Toitoi Media publishes Toitoi, a quarterly journal of creative writing and artwork by New Zealand children ages 5-13. It celebrates the creative spirit of young New Zealanders, with the belief that their work has purpose and deserves a wide audience. The journal, as well its special editions and anthologies, publishes material that reflects the cultures and experiences of life in New Zealand. Each piece of artwork and writing carries an original and authentic voice that other young people can connect to and be inspired by.
Toitoi has received multiple awards for its excellent design, and won Best Primary Resource in 2016 at the NZ Content Counts Education Awards. Teacher support materials are provided for every issue of the journal.
- Toitoi Media has been commended by Copyright Licensing NZ for championing children’s creativity and respecting the rights of young writers and artists. The Toitoi team have also received a number of awards:
- Toitoi quarterly journal was named a winner at PANZ Book Design Awards 2020
- The Jillion was a finalist in the PANZ Book Design Awards 2019
- Toitoi was a recipient of the 2017 Copyright Licensing Contestable Fund Investments
- Toitoi was a finalist in the Best Design Awards 2017
- Toitoi was named Best Primary Resource in the NZ Content Counts Education Awards 2016
Toitoi began in 2015 and is published quarterly, with a new issue released in every New Zealand school term. The philosophy behind Toitoi is to treat young writers and artists with respect, handle their work with care and produce a beautifully designed journal of high quality that reflects how their work should be valued and admired. Teachers love using the journal in the classroom as it offers great exemplars of writing and art, and inspires their students. It provides students with a purpose and a real audience, creating an empowering space where they see that their work is valued as much as books by their literary and artistic heroes. Toitoi is available in bookshops and libraries throughout New Zealand, and it has now published over 2,000 young kiwi artists and writers.

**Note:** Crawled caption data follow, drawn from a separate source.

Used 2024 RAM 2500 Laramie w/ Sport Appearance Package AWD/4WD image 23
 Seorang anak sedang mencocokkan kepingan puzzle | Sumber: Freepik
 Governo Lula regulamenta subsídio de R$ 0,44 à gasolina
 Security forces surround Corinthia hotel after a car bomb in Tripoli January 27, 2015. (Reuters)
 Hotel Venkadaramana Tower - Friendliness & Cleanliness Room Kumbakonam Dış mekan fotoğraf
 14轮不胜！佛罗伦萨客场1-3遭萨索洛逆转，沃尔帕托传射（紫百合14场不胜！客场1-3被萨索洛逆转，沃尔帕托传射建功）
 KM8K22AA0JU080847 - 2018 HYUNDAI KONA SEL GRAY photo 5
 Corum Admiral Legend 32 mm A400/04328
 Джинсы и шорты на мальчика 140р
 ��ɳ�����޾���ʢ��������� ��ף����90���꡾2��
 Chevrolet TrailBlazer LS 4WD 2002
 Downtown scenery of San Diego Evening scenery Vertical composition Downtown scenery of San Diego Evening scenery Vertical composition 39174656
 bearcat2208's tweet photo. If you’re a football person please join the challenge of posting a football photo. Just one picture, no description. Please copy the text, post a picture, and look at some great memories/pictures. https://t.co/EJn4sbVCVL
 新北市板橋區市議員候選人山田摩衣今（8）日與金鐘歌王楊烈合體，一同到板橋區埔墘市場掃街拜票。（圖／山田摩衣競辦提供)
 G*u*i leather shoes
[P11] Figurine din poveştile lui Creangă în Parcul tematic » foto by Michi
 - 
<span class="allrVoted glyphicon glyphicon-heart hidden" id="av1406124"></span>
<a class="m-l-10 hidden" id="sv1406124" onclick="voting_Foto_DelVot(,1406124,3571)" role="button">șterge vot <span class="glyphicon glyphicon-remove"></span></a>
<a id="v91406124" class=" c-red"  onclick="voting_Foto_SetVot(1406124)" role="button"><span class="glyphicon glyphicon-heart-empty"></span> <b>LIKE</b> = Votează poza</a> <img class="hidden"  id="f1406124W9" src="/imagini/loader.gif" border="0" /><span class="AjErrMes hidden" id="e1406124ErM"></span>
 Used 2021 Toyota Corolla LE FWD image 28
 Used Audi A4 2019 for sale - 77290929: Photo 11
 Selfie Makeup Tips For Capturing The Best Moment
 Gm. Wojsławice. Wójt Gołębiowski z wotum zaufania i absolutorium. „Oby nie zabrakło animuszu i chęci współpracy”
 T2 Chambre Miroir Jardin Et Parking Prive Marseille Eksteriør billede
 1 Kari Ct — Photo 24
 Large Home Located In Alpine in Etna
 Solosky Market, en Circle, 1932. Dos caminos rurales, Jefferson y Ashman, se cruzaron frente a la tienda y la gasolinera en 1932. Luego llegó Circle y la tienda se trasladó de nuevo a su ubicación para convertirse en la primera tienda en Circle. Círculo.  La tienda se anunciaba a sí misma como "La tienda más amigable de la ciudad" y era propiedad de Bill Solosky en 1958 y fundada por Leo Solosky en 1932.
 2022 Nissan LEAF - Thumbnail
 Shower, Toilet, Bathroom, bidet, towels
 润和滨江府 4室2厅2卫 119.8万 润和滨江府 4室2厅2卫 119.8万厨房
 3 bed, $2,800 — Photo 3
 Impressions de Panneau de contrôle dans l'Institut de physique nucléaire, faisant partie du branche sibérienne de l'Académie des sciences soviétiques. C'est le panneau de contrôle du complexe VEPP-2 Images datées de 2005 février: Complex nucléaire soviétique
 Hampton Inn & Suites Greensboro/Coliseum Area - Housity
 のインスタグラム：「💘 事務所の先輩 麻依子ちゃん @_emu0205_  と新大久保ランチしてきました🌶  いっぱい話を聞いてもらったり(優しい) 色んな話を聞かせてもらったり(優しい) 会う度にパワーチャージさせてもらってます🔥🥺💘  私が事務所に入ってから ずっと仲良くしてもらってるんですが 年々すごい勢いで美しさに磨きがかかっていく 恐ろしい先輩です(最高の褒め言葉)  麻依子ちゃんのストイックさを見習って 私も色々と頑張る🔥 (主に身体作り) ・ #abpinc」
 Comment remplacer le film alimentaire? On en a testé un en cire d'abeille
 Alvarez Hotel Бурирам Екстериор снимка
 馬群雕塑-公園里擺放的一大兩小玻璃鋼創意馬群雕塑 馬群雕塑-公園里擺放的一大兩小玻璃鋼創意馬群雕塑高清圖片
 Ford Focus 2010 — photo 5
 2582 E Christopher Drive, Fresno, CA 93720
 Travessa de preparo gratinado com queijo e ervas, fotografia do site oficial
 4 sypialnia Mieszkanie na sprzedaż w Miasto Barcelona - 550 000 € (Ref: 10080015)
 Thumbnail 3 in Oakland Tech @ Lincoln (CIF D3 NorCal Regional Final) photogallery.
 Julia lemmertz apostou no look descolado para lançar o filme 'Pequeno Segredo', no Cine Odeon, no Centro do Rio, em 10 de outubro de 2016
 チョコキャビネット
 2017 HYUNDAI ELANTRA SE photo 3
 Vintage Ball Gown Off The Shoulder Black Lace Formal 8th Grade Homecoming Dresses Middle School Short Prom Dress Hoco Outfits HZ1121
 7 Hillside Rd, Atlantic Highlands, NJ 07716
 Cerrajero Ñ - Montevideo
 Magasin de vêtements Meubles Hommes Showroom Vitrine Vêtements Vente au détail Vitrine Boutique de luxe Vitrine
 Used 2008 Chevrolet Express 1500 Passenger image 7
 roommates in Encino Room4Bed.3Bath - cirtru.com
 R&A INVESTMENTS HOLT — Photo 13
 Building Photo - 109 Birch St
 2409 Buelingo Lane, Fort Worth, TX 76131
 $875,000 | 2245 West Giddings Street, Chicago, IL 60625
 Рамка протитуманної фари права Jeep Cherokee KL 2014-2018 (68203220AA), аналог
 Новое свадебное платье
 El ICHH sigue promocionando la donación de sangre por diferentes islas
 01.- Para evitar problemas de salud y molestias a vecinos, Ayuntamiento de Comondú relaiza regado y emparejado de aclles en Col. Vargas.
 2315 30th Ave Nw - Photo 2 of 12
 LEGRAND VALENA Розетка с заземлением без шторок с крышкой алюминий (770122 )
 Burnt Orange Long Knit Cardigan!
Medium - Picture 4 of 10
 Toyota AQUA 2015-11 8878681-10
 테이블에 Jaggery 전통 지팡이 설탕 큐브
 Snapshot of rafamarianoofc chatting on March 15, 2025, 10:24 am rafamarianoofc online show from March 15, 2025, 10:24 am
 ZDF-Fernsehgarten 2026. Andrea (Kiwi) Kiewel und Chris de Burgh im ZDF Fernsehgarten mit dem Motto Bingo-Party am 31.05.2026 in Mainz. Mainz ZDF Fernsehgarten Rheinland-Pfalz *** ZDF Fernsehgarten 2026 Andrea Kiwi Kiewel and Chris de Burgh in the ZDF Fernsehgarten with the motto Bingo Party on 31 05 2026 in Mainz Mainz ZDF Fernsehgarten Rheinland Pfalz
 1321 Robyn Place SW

The Jillion is a collection of incredible work from Toitoi issues 1-12. Written and illustrated by New Zealand’s young writers and artists ages 5-13, The Jillion is a celebration of their curiosity, courage and creativity. The second anthology, Jillion 2, marks the very special milestone of 2000 young published writers and artists, bringing together a selection of some of the amazing writing and art from Toitoi issues 13-24. Like the first anthology, it is a beautifully-produced hardcover book of 300+ pages, complete with ribbons. The two anthologies serve as keepsakes or reference books for teachers, parents, and students, or an excellent introduction to Toitoi material for those unfamiliar with the quarterly journal.
Toitoi has two special issues, commissioned by the Latin America Centre for Asia-Pacific Excellence (LATAMCAPE) and the Southeast Asia Centre for Asia-Pacific Excellence (SEACAPE) respectively. Each poem or story in the journals is published in two languages – English and a language of the Asia-Pacific or Latin America – due to the involvement of expert translators from the School of Languages and Cultures at Victoria University of Wellington. The resulting multilingual publications feature English as well as 14 other languages: Brazilian Portuguese, Spanish, Bahasa Indonesian, Balinese, Burmese, Khmer, Lao, Malay, Tagalog, Tamil, Thai, te reo Māori, Tetum and Vietnamese. Copies were delivered free to every primary school, intermediate school, and public library in New Zealand.
At the time of publication, Toitoi Media partnered with the National Library of New Zealand to host workshops across the country in order to help educators find ways to engage their students in learning and creativity. The National Library curated resources about Latin America and Southeast Asia on their online Topic Explorer site, and teacher support materials provided ideas for the classroom – all with the aim of learning about other cultures (or sharing students’ own cultures with their peers). In turn, students created stories, poems and artwork for potential publication in Toitoi.